Cénotaphe, globes géants et planétariums

Sur un plan strictement architectural, l’idée d’une chambre circulaire représentant le ciel étoilé n’est pas nouvelle. Les planétariums romains étaient conçus sur le même principe, mais ils ne formaient que des voûtes ou des demi-sphères. Depuis Ptolémée, en effet, on se représentait le Ciel sous la forme d’un globe, mais l’hémisphère sud étant inconnu, le ciel était représenté sous la forme d’une demi-sphère correspondant aux étoiles "septentrionales ", c’est-à-dire, observées depuis l’hémisphère nord. Des globes célestes "convexes " furent néanmoins produits dès le 7e siècle. Ils représentaient le Ciel comme s’il était vu depuis l’extérieur de l’univers, entourant la Terre au centre de la sphère, contrairement aux salles cosmiques ou planétariums qui représentaient le Ciel observé depuis la Terre. Sphères célestes et planétariums offrent ainsi deux métaphores complètement opposées, mais, au plan de l'ingénierie ou de l'architecture, les deux options tendent à se rapprocher dès lors qu’on se met à produire des globes géants, vers la fin du 17e siècle.

   
  
L’originalité de Boullée consiste surtout à associer une forme sphérique, un monument et le nom d’un astronome.

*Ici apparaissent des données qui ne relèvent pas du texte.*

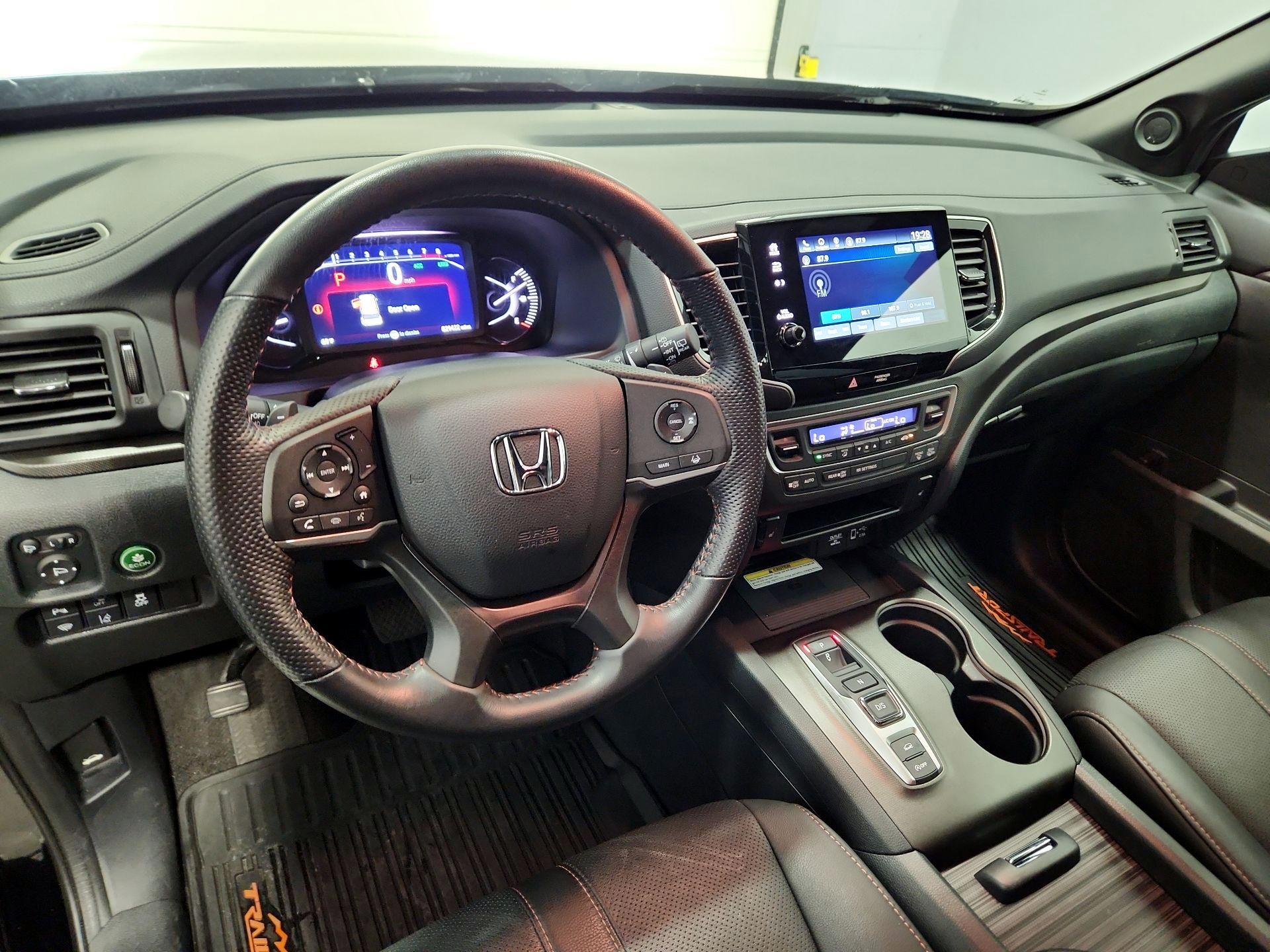 Thumbnail: 2023 Honda Passport - 9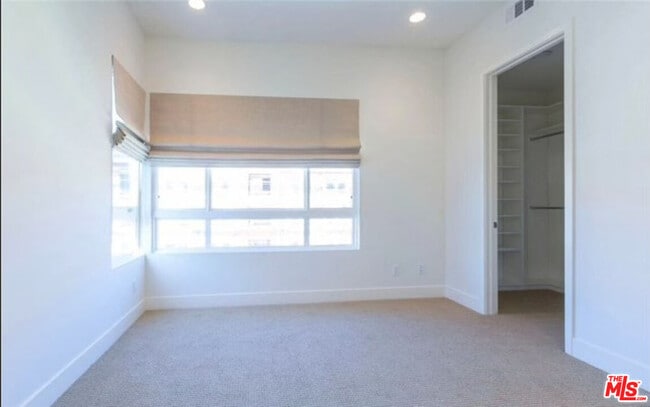 Building Photo - 12642 Sandhill Ln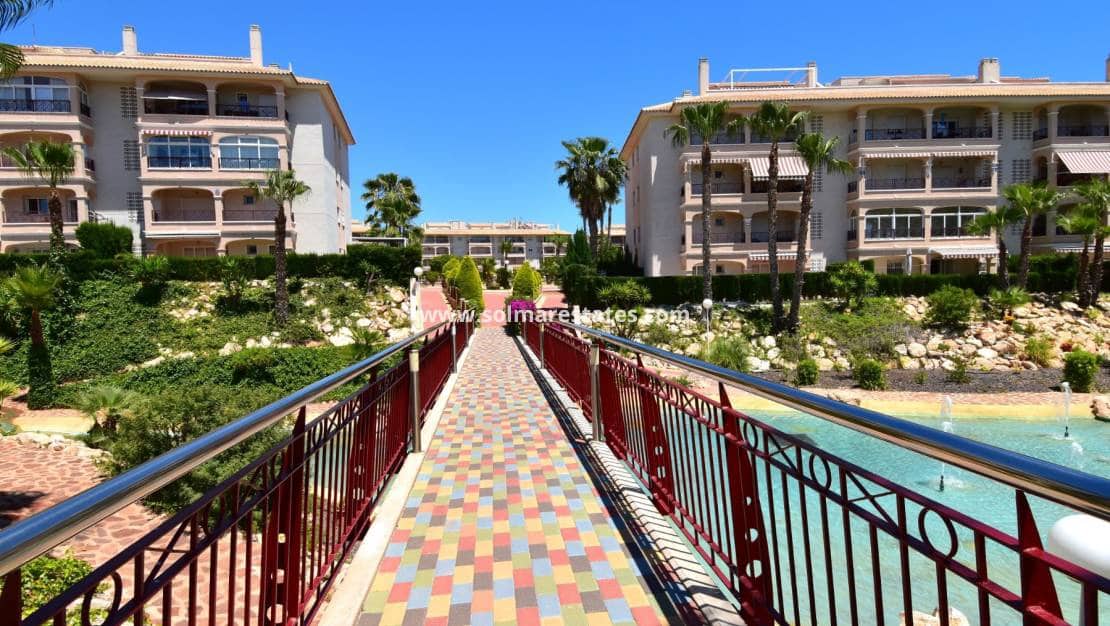3 soveværelse Lejlighed til salg i Playa Flamenca med swimmingpool - € 240.000 (Ref: 9867800)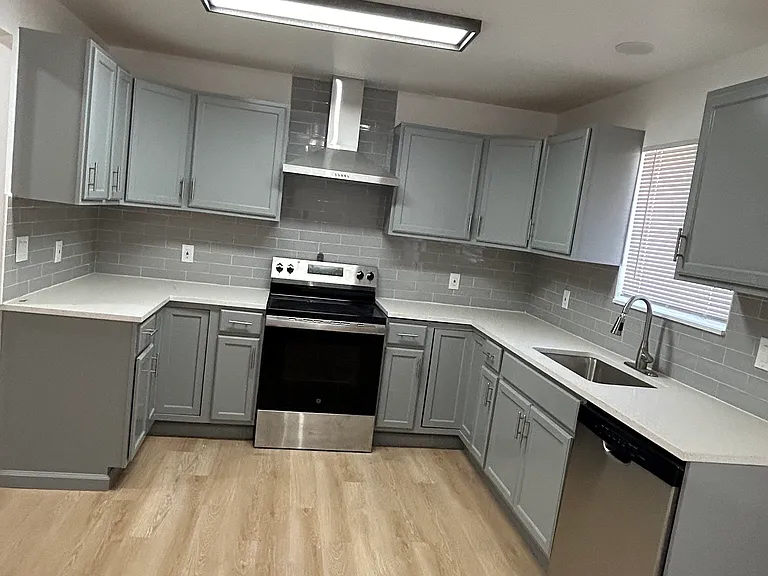 904 Ridge Dr — Photo 2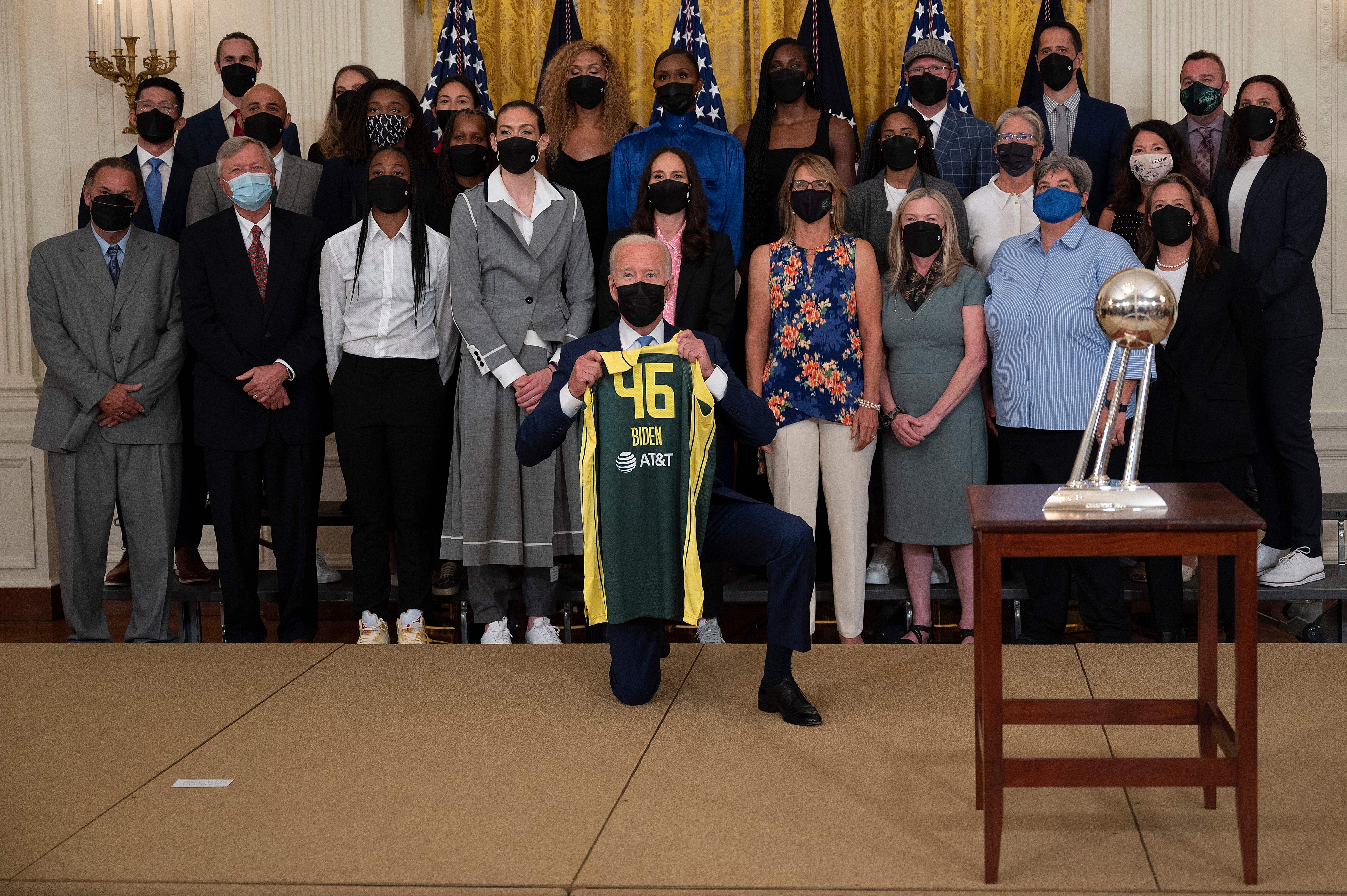 Biden recibe a las campeonas de la WNBA y bromea que pronto se quedará sin trabajo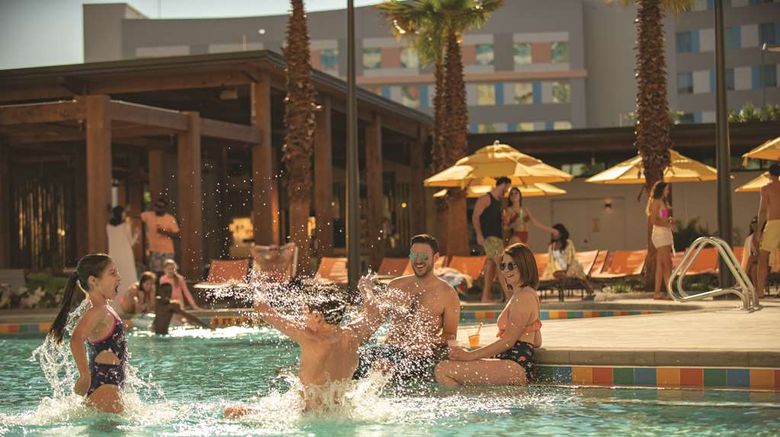<b>Dockside Inn and Suites Pool</b>. Images powered by <a href="https://iceportal.shijigroup.com/" title="IcePortal" target="_blank">IcePortal</a>.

Si la solution du planétarium n’est pas absolument nouvelle, elle s'avère, replacée dans son contexte et quand on connaît les difficultés rencontrées dans la mise en œuvre du premier projet, une trouvaille architecturale originale, heureuse et audacieuse.
Un temple

Le premier projet est-il vraiment un projet de monument à la gloire de Newton, voire est-il même tout simplement un cénotaphe? La question peut être posée. Boullée, en effet, n’a disposé aucun tombeau mais simplement un autel autour duquel figurent des personnages dont l’un a été identifié comme étant Zoroastre. Quant à la sphère armillaire, elle décrit le monde héliocentrique de Copernic et on ne comprend pas pour quelles raisons Boullée, dans son Essai sur l’art, a attribué cette " lampe sépulcrale " au " divin système " de Newton. Il est possible que le premier cénotaphe ait été en fait dédié à Copernic dont un portrait, voisin de celui de Newton, ornait le bureau de Boullée. Cette conjecture, démentie par l’Essai n’explique pas pour autant la présence de Zoroastre, personnalité vénérée dans la pensée maçonnique, et encore moins l’étrange pouvoir luminescent de la sphère armillaire.
  


Le second projet représente bien un tombeau mais la nuit étoilée qui l’environne n’entretient pas de rapports très particuliers avec Newton, sinon celui métaphorique et hyperbolique qui occupait l’esprit de Boullée :" C’était dans le séjour de l’immortalité, c’était dans le ciel que je voulais placer Newton ". Le mysticisme maçonnique était largement répandu au 18e siècle, dans tous les milieux. On sait par ailleurs que Newton, bien que très grand savant, se passionnait à ses heures pour l’alchimie. Replacé dans ce contexte, le cénotaphe de Newton expose un thème presque conventionnel, celui d’une révélation ou d’une " connaissance " transmise de manière ininterrompue de Zoroastre à Newton.